An increasing number of older women are giving birth, new research shows. (Credit: Christian Glatz, Flickr)

Birth rates continue to fall – except, that is, among one group. 

Specifically, older women – ages 35 and over – are getting pregnant at increasing rates. According to a recently published report from the National Center for Health Statistics, the fertility rate among women ages 35 to 39 went up 71% between 1990 and 2023; among women ages 40 to 44, the rate increased 127%.

“There’s a flip in the age distribution,” Elizabeth Wildsmith, a sociologist at research group Child Trends, added to NBC News. The shift, she continued, can be attributed to a range of factors, including economic concerns, career priorities and changing social norms. “All of those conditions shape when people want to start having children.”

That said, more and more people are opting out altogether, part of a larger, decades-long decline – the birth rate overall fell about 14% in the same time period, the report states. This has been driven by a shift in younger people’s habits, with teenagers accounting for just 4% of births in 2023, as opposed to 13% of them in 1990.
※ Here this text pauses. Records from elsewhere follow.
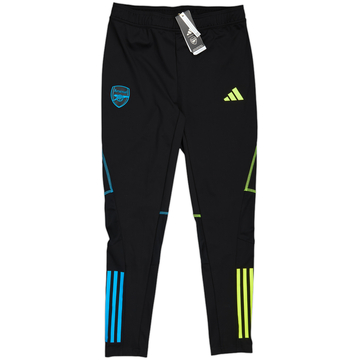 2021-22 Arsenal adidas Track Pants/Bottoms - 9/10 - (L)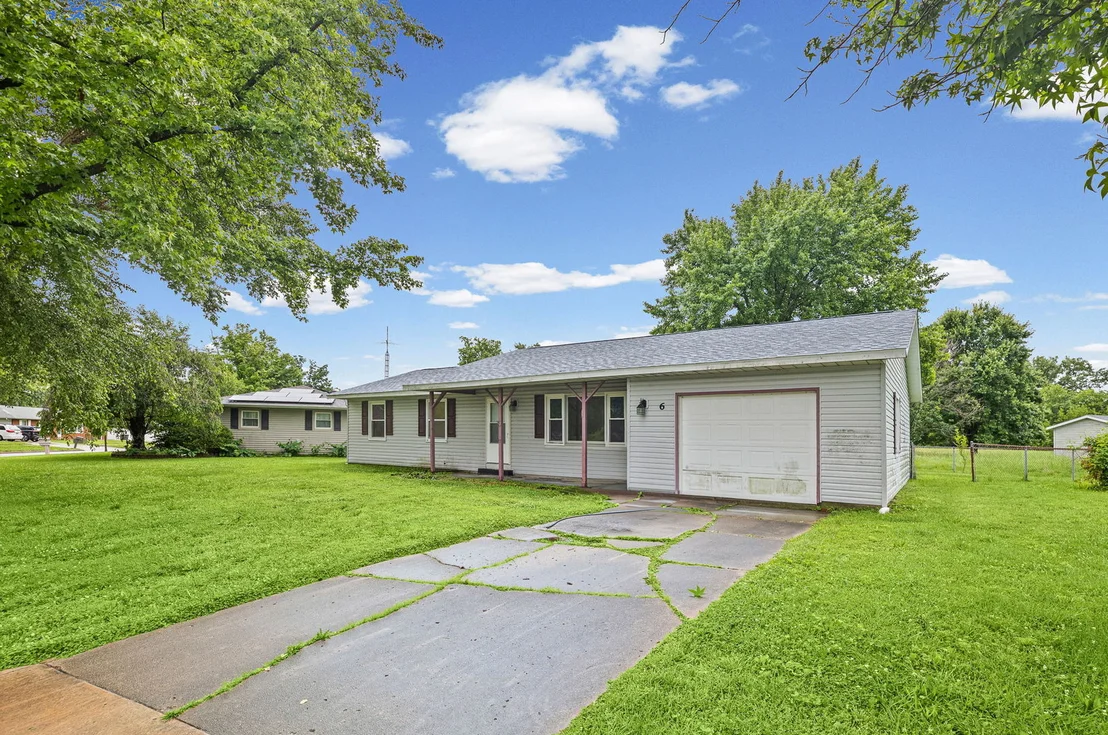 Photo of 6 Edgebrook Street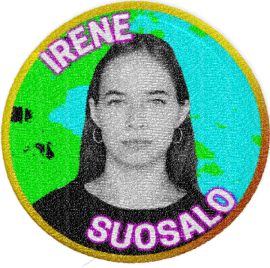 Irene Suosalo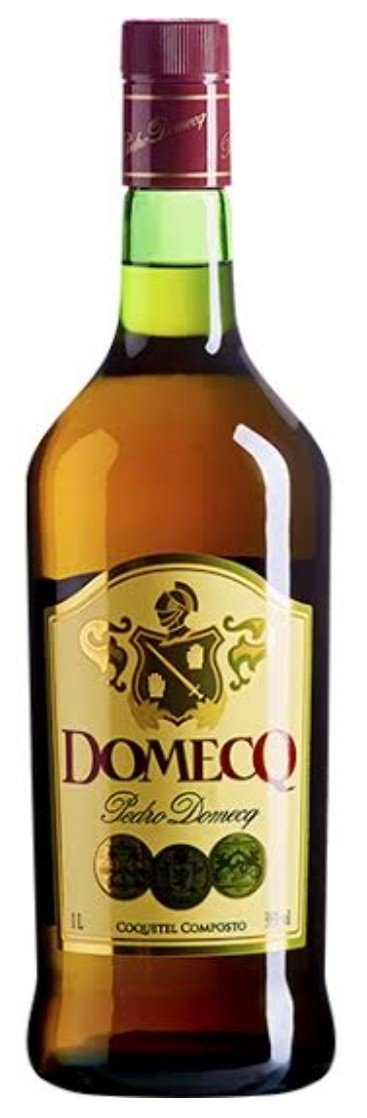 Domecq 1L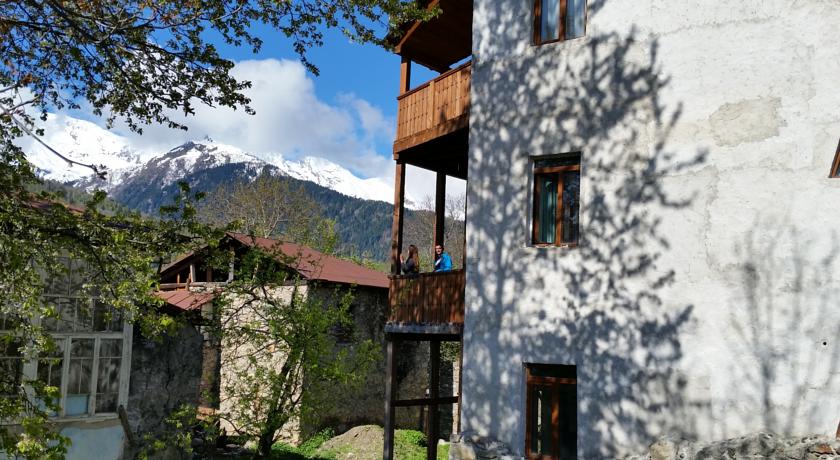 Фото 
Guesthouse Sadovaya 2
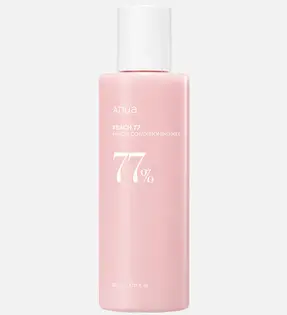 Anua – Peach 77 Niacin Conditioning Milk - Toner Hidratues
Though heartened by the waning number of teenage parents, some experts did express concern regarding the well-being of older pregnant people – as well as their children. Those risks include genetic and chromosomal abnormalities in fetuses, and pre-eclampsia, gestational diabetes and postpartum hemorrhage in parents.

“We’re seeing more and more people who come into pregnancy in their 40s who already have high blood pressure, kidney disease or diabetes,” Dr. Arianna Cassidy, a maternal-fetal medicine specialist at University of California, San Francisco, added to NBC. “Age is not a modifiable thing.”